─── DATA SUPPLIED

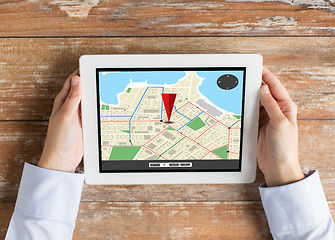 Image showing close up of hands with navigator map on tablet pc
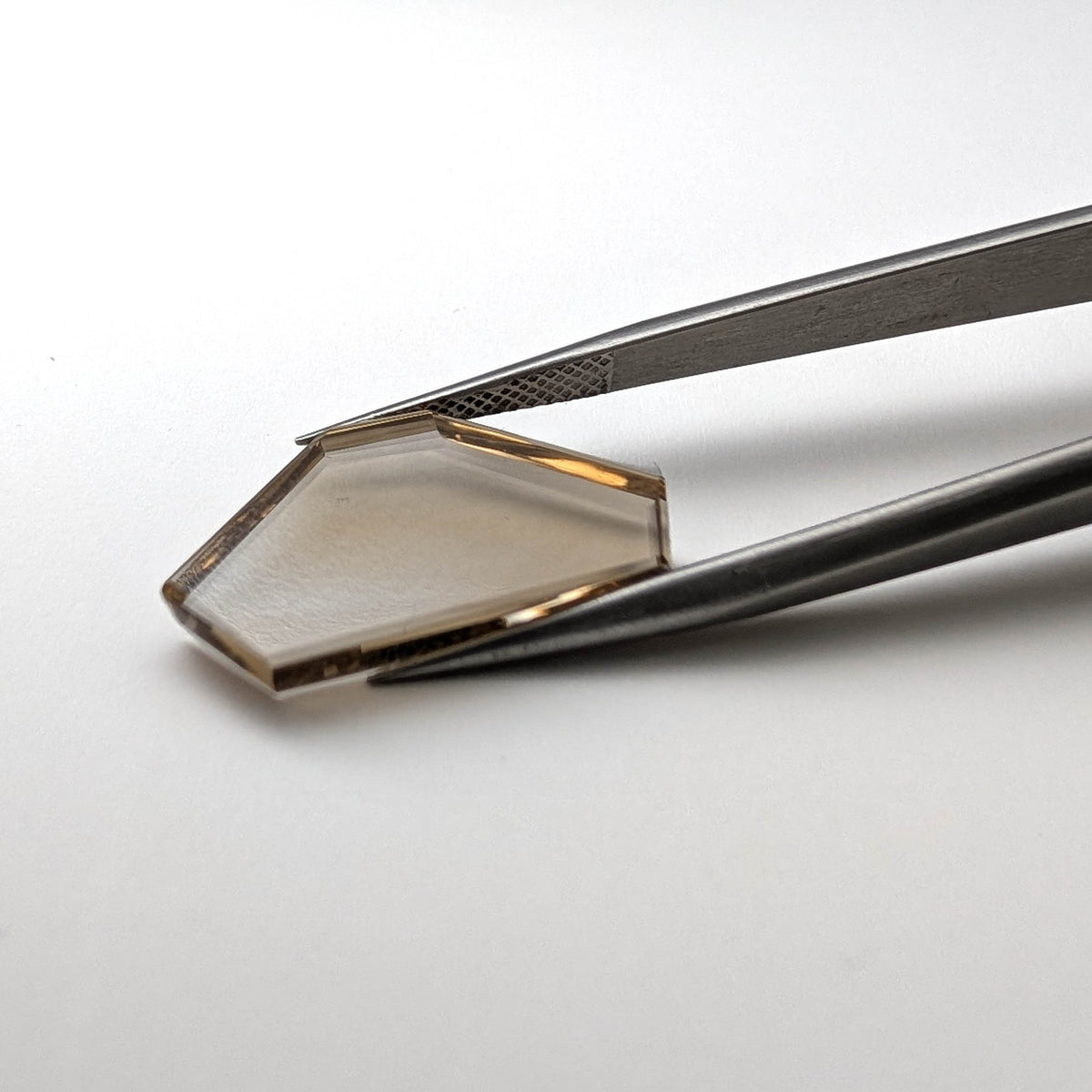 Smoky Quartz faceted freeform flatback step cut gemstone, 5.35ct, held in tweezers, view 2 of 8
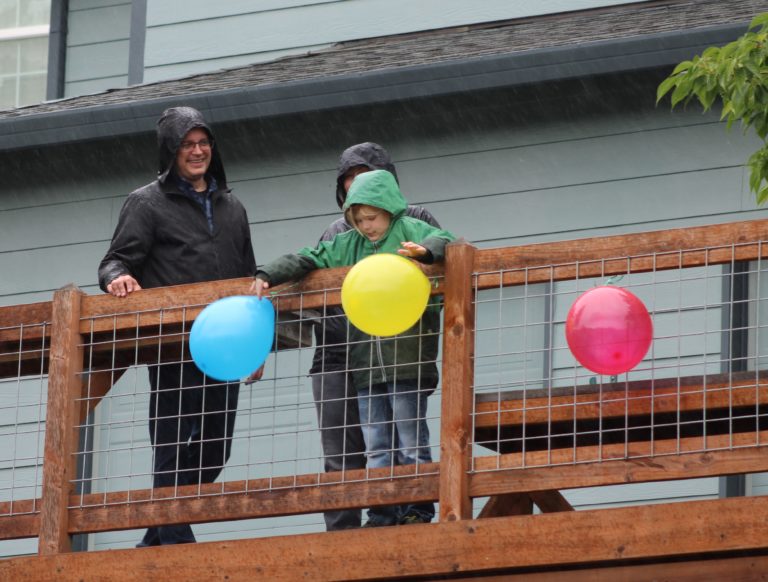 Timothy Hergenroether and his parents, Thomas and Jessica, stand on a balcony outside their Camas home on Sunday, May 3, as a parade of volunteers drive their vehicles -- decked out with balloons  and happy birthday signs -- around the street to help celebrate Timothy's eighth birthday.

──────
─── DATA SUPPLIED

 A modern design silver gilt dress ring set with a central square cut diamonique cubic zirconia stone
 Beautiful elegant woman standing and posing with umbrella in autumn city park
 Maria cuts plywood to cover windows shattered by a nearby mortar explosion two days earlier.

──────
─── DATA SUPPLIED

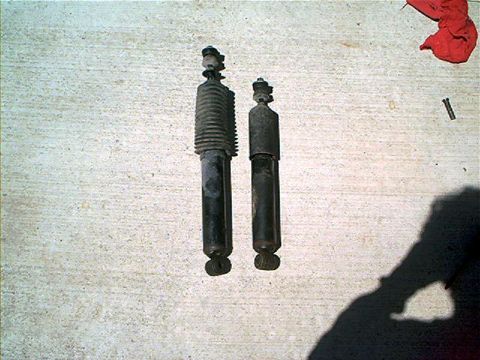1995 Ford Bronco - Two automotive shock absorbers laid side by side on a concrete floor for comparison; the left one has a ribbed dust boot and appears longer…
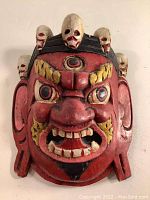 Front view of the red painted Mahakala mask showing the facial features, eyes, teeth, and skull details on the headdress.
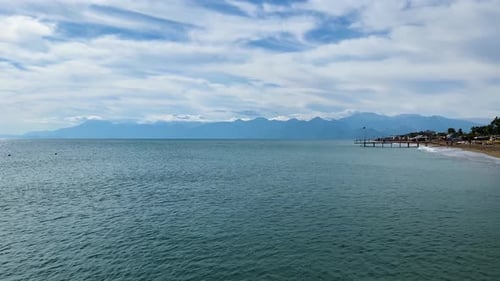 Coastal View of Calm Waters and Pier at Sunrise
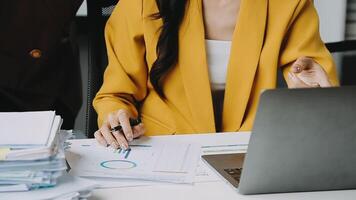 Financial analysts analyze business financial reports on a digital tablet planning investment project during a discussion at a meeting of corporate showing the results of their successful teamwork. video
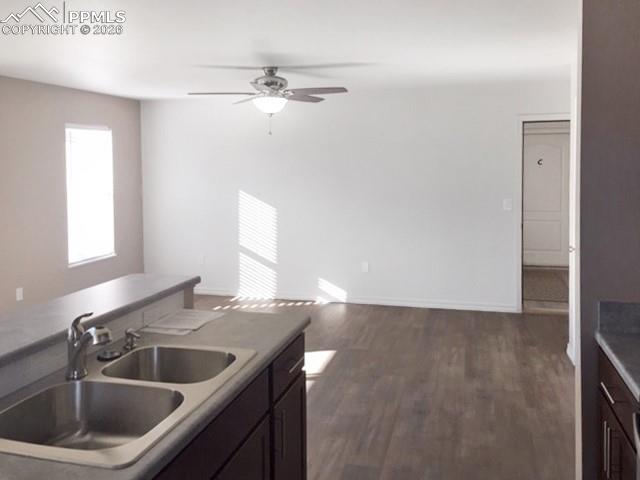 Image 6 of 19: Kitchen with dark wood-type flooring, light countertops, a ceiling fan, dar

──────

* **WHAT YOU NEED TO DO**:
Reproduce the lines above beginning at the line that contains "Image showing close" and ending at the line that contains "Timothy Hergenroether and". No pictures.

* **TASK OUTPUT**:
 Image showing close up of hands with navigator map on tablet pc
 Smoky Quartz faceted freeform flatback step cut gemstone, 5.35ct, held in tweezers, view 2 of 8
 Timothy Hergenroether and his parents, Thomas and Jessica, stand on a balcony outside their Camas home on Sunday, May 3, as a parade of volunteers drive their vehicles -- decked out with balloons  and happy birthday signs -- around the street to help celebrate Timothy's eighth birthday.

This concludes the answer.